Wednesday, June 24, 2009

Red-lining map

The image is a detail from a 1937 Home Owners' Loan Corporation red-lining map of Asheville. It is a photo of a copy of an original, so the color-coding is gone. Areas designated with a D were coded red, indicating highest risk. That usually meant there were African American residents, or some other "undesirable" group such as eastern European immigrants or in Asheville poor mountain immigrants. The principle held true in Asheville with at least one exception (see detail below): the area known as Shiloh in south Asheville, once exclusively and now largely African American, got C grade on this map, which would have earned it a yellow rather than a red code.

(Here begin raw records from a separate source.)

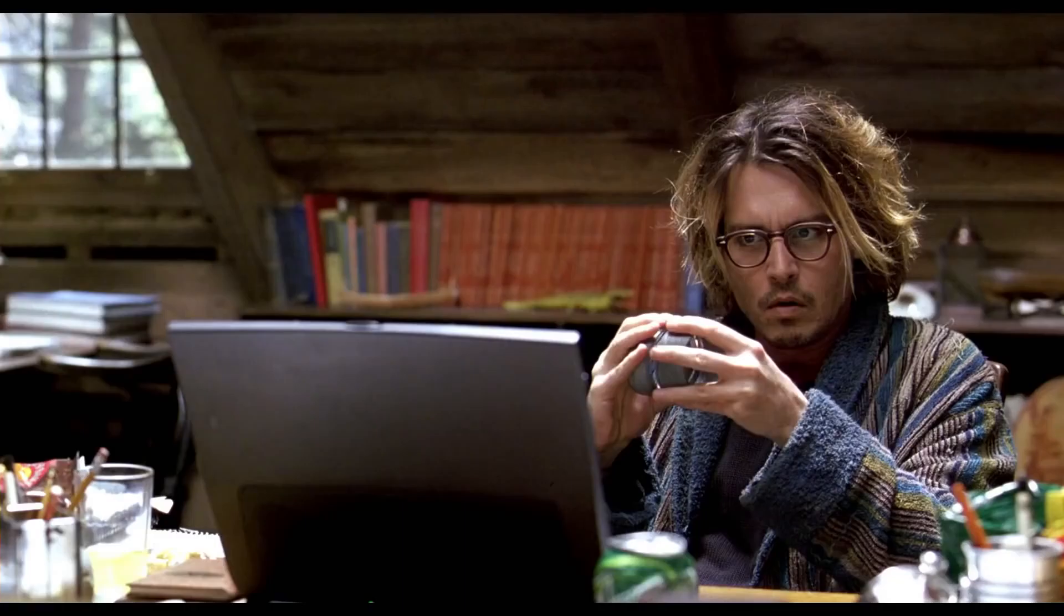The only thing that matters is the ending. It's the most important part of the story. And this one is very good. This one is perfect.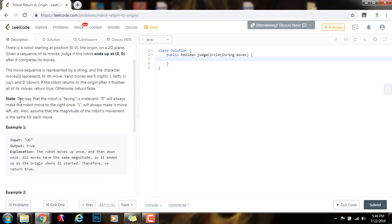Note, the way that the robot is facing is irrelevant. R will always make the robot move to the right once, L will always make a move left, etc. Also, assume that the magnitude of the robot's movement is the same for each move.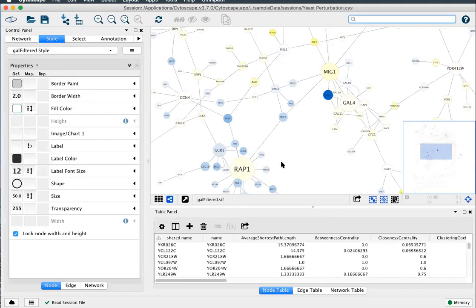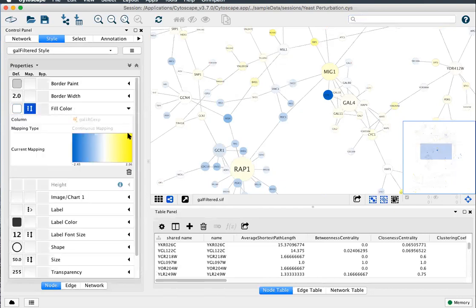First we'll want to clear the current node styling to start with a clean slate. Let's clear the fill color, expand, delete.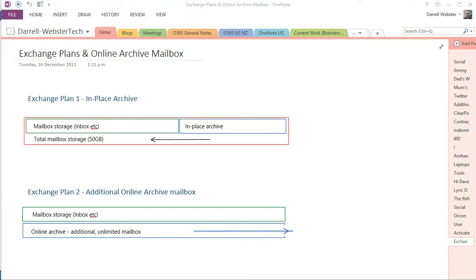Hi, this is Darrell Webster, and today we're going to look at the online archive mailbox and how we can make better use of it with the Outlook Quickstep.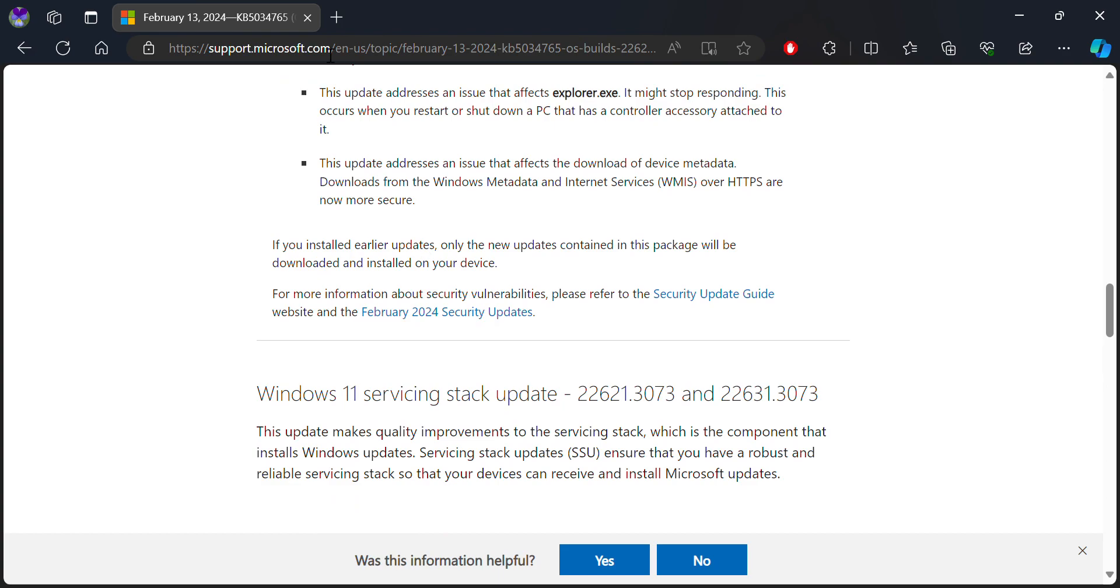There is also an update to the download of service metadata from Windows metadata that makes it more secure than before.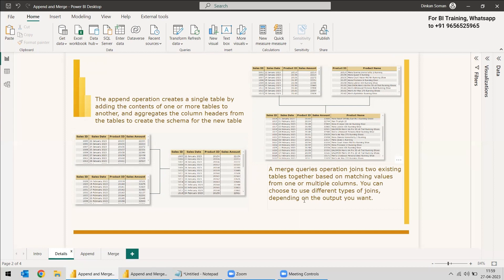You can choose different types of joins depending on the output you want. The Merge Query requires a column that is similar in both tables — for example, a Product ID column present in both. Because the Product ID is in both tables, you can establish a relationship and use joins to merge them, adding product description or product name to the table. Usually if there is a one-to-one relationship, you can merge both tables into one instead of keeping two separate tables.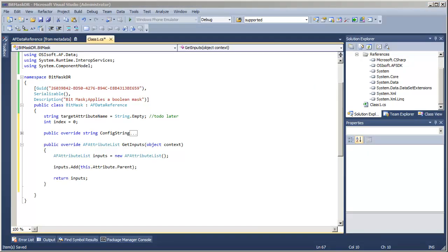And with that, the getInputs method is implemented. We will continue by looking at how to use these inputs during a getValues data call.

HOLC was a federal agency created in the Depression to manage foreclosures. By the mid-1930s it had developed a scheme to assess loan risks in neighborhoods across the country. In the HOLC rating scheme, an A designation was coded green and represented high value, new development, homogeneity, and room for more growth; a B was blue and indicated an area at its peak, fully developed; a C was yellow and meant it was an older area on its way downhill; and a D was red, which meant the housing was poor, dilapidated, with fewer owner occupants. The presence of African Americans tended to give an area a red rating, hence "red-lining." Needless to say it was difficult if not impossible to get a loan for a house in a red area.